Back in the days of chalk and blackboards, things were a little different. Teachers would assign the work and the students would go home to slave over text books, their pencils scribbling the answers ferociously. Presently, we use a mouse and quickly type all of the answers while we try to reach the online deadline.
As the years go by, our technology advances quickly. The ability to do anything anywhere is a reality and anything from a congratulatory text to homework chat rooms becomes possible. Homework is a word that makes students cringe. Adding the ‘online’ in front of it just makes it worse. Online homework is often times more strict on due dates and needing exact answers for credit. As the years progress more and more teachers are following this trend and assigning online homework. However, just a few years ago, this concept was unheard of. Both students and teachers have different opinion on this seemingly new phenomenon.
“I think it’s very handy,” Sarah Wartofsky, junior, said. “You get to know your grade right away, and you usually end up with more time for [homework] than you would have had otherwise. But it has its drawbacks, like when your computer isn’t working.”
Developments in homework have taken many forms from online questions, web-based questions, posted assignments, submit folders and even collaborative tools like academic chatrooms and wikis.
With online homework, due dates are enforced more than they could have been otherwise. No longer can students do homework the class before or on the bus to school. Most of the time, the deadline is the midnight before your class. With paper homework you can work on it between passing periods. With online homework you need to find a computer, turn it on, wait for it to load and then log in, if there is even enough time, making last-minute homework near impossible. Even those last few seconds can be precious. Not all the time limits are bad. For some the time limit pushes the students harder so that they can get their homework done.
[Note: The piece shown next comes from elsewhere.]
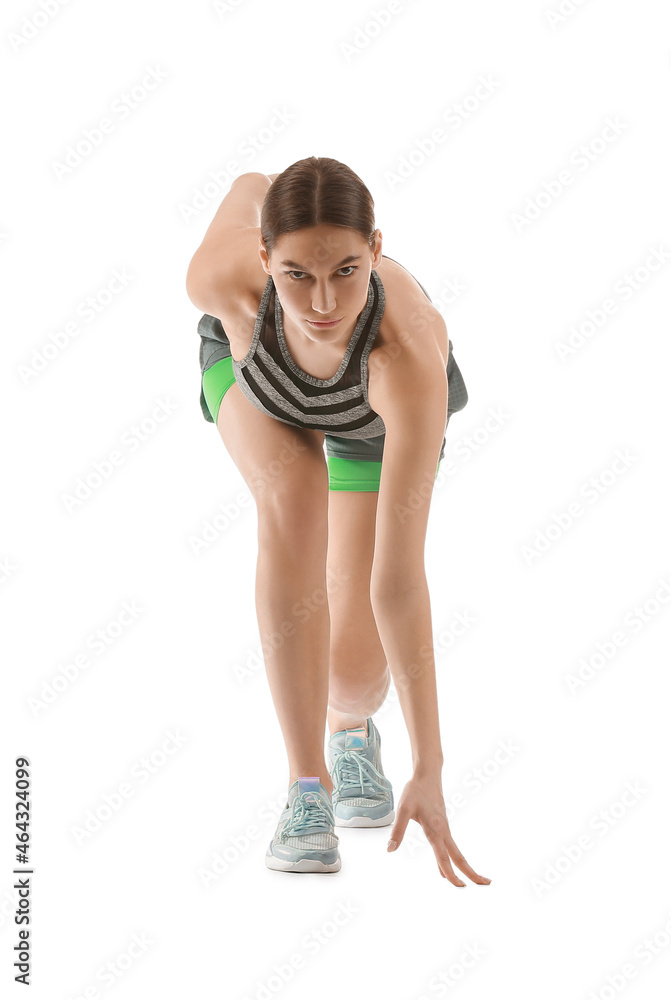 白底运动型女跑步者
Others feel that because it is online, they don’t have to do it right away and leave it to the last second and then try to cram it all in.
“I feel like the time limit is okay, because it makes you work faster to get it done on time,” Vishakh Shukla, junior, said.
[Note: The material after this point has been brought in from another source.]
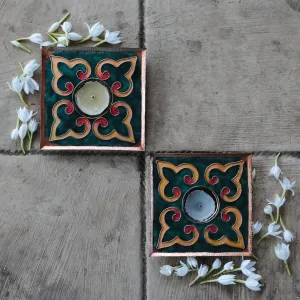 Green Handcrafted Copper Tealight Holder - Set of 2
The times of lined three hold paper and pencils are slowly fading away. Most of the online homework is graded within seconds, leaving teachers free to tackle lesson plans instead of grading. For the student, writing down the problems, equations and vocabulary terms can be tedious. With society’s modern day pace, teaching and learning must become more efficient. And now, with the internet being built in to our phones and other portable devices, we can get to it anywhere.
With mini netbooks starting around a couple hundred dollars, one wonders how long before they are standard issues in school and notetaking and homework are always within reach.